:: SUPPLIED INFORMATION ::

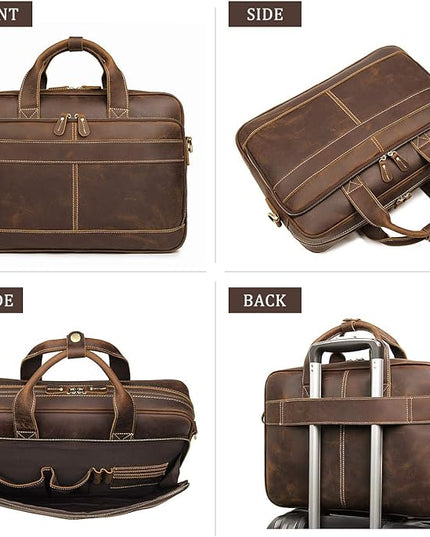 Augus Leather Messenger Bag for Men Vintage Travel Backpack 17 inch laptop Briefcase Shoulder Bags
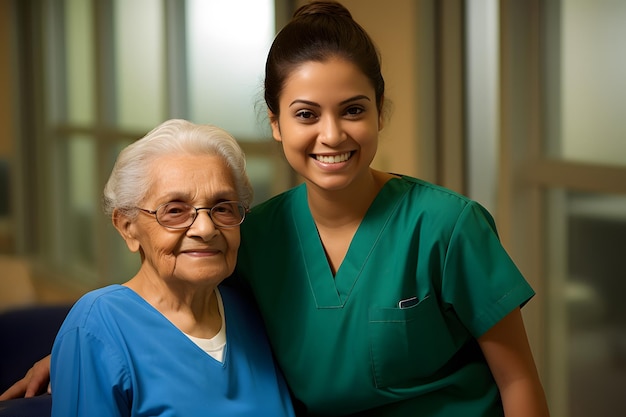 Foto ritratto di infermiera sorridente e paziente anziano in ospedale cure infermieristiche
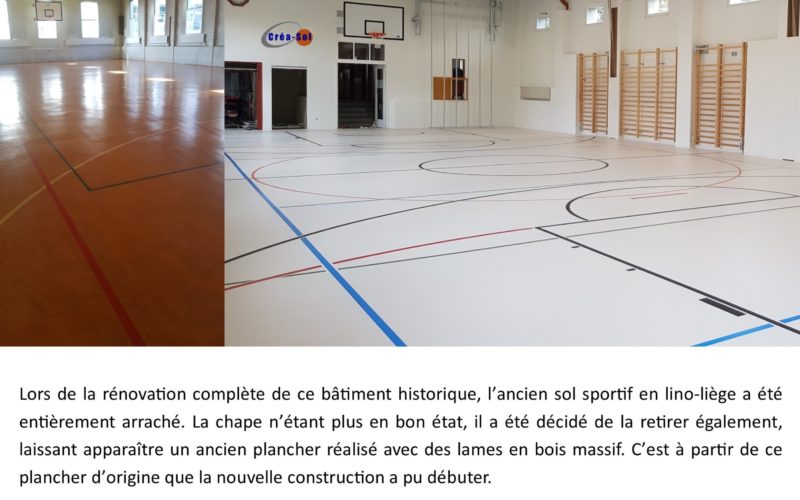 Sol sportif en résine posé dans un bâtiment existant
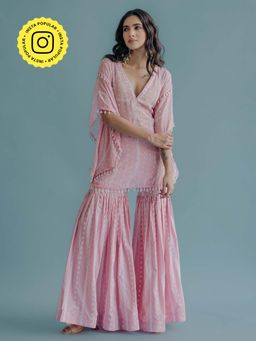 Old Marigold - Laila Pink Cotton Embroidered Kaftan With Blouse And Sharara (Set of 3)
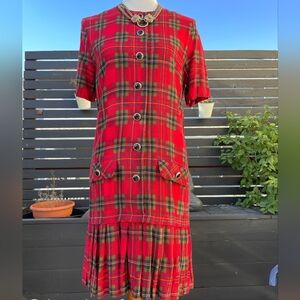 Vintage Jessica Howard Tartan Don't Dropwaist Holiday Dress
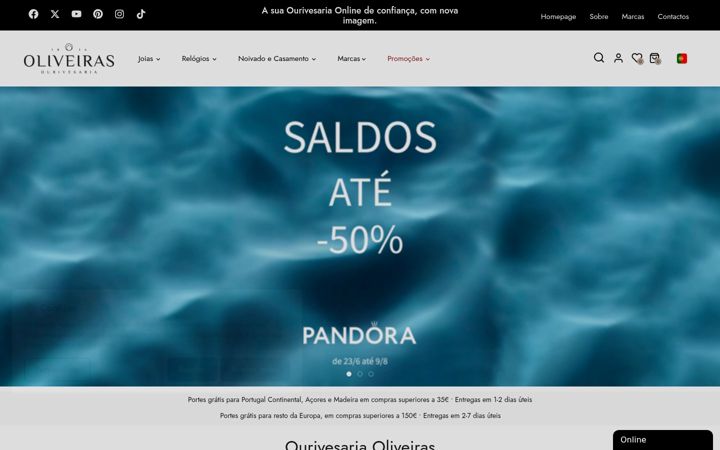 Screenshot of ourivesariaoliveiras.pt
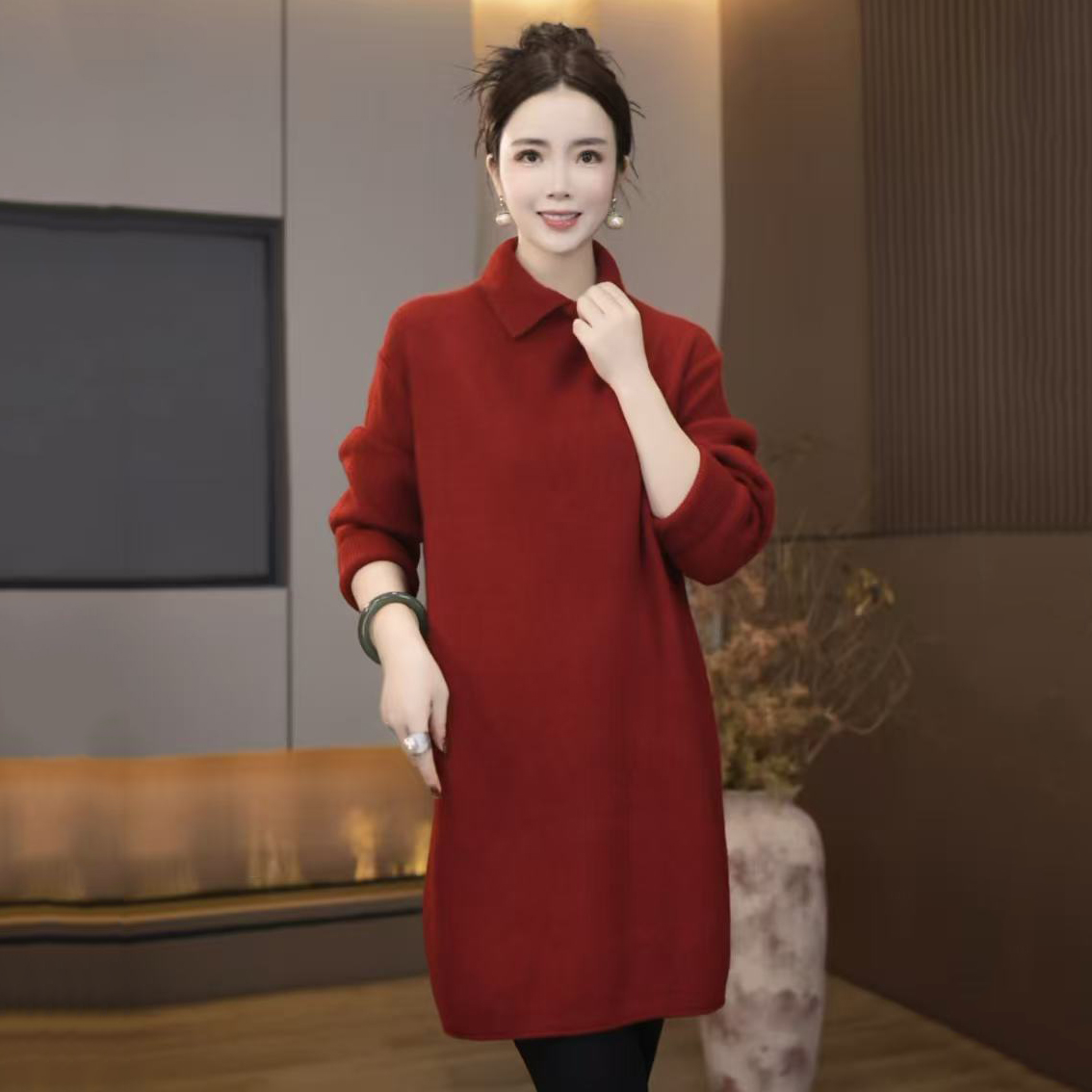 193120秋冬纯色衬衫领毛衣女秋冬加厚套头针织衫宽松显瘦上衣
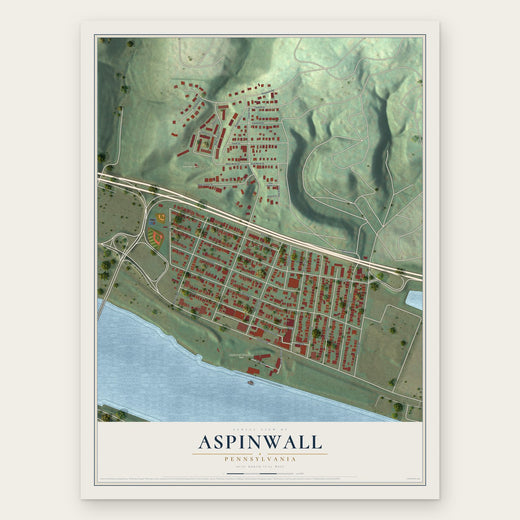 Aspinwall, Pennsylvania map print, the full design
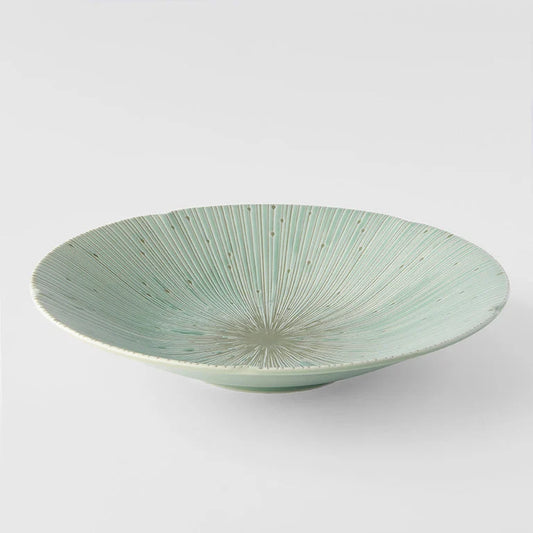 Shallow Bowl Green Glaze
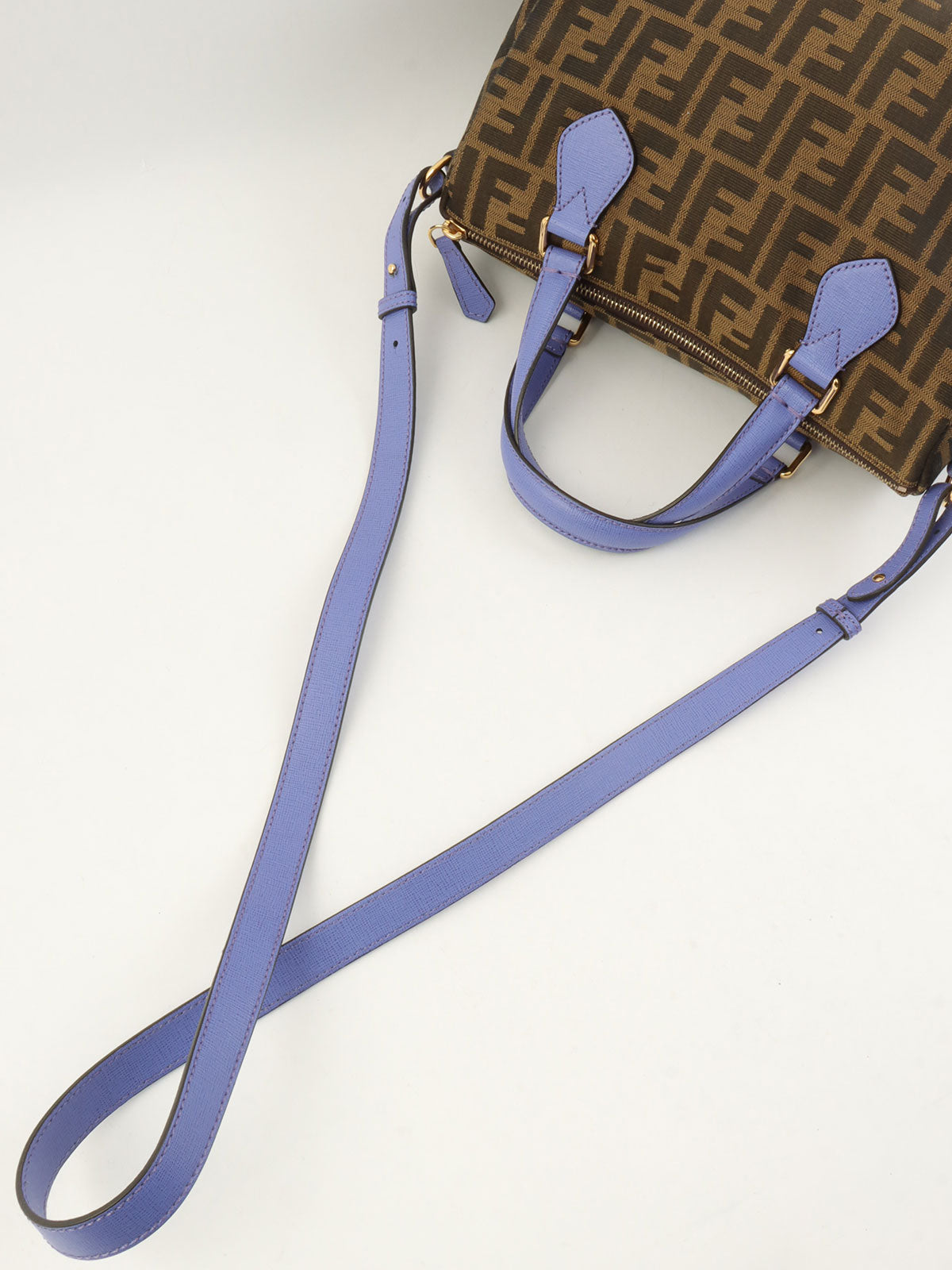 FFズッカパターン2wayバッグ ブラウン/パープル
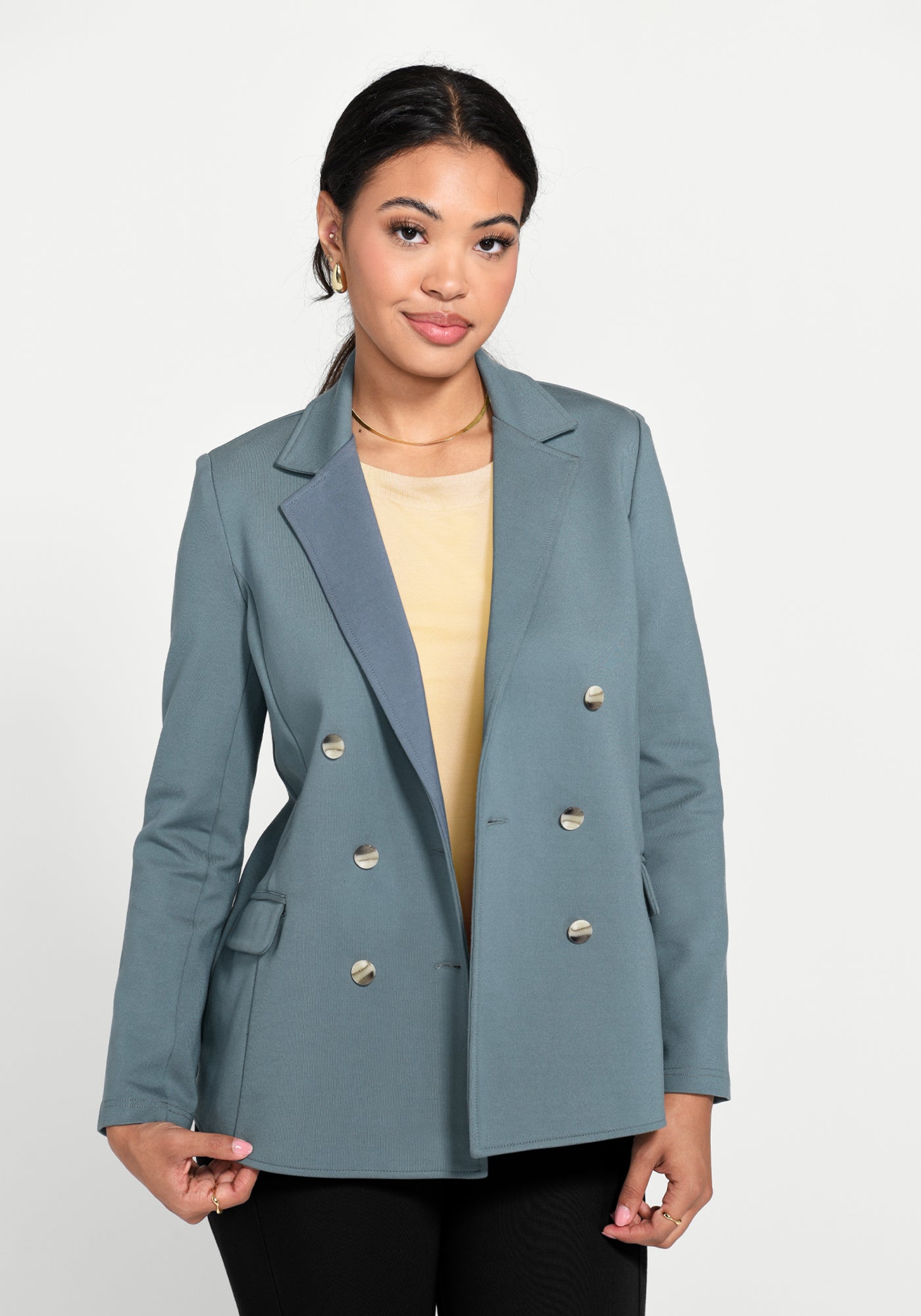 Double Breasted Blazer (Blue Haze) | Betabrand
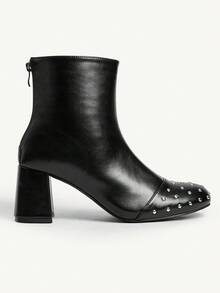 CUCCOO CHICEST Winter New Black Pointed Toe Rivet Side Zipper Chunky Heel Suede Ankle Boots & Ankle Boots For Women - Black - View 7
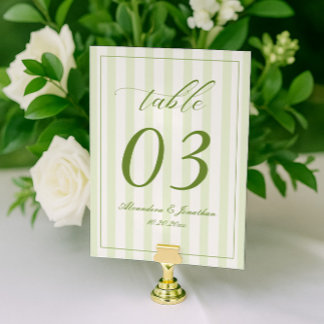 Retro Striped White and Green Wedding Table Number Tischnummer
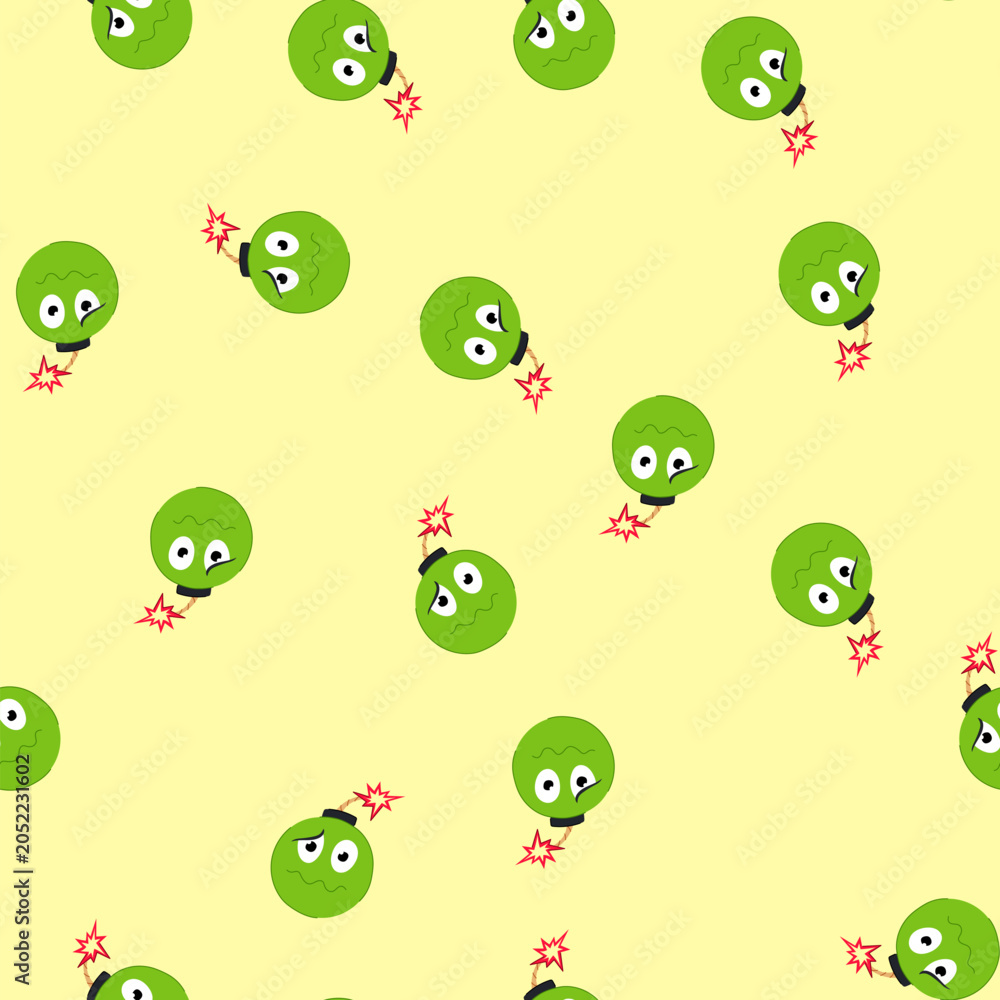 Naklejka premium pattern fuse bomb character cartoon. blast dynamite, grenade warhead, tnt c4 fuse bomb character sign. seamless vector illustration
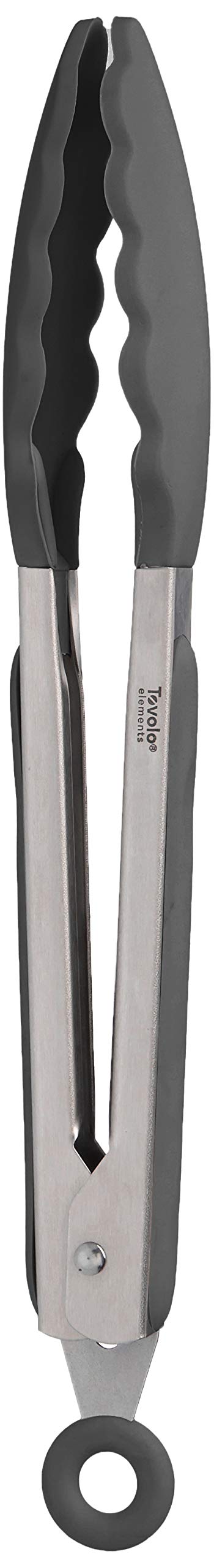 Kitchen Cooking Stainless Steel Tongs 9 with Silicone Grip & Easy Lock Mechanism for Serving, Salad, and Ice, Charcoal Gray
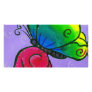 Butterfly with Rose Customized Photo Card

:: EXERCISE DETAILS ::
From the line containing "Naklejka premium pattern" down to the final line of the material above, reproduce each line exactly and include no images.

:: ANSWER FOR THIS EXERCISE ::
 Naklejka premium pattern fuse bomb character cartoon. blast dynamite, grenade warhead, tnt c4 fuse bomb character sign. seamless vector illustration
 Kitchen Cooking Stainless Steel Tongs 9 with Silicone Grip & Easy Lock Mechanism for Serving, Salad, and Ice, Charcoal Gray
 Butterfly with Rose Customized Photo Card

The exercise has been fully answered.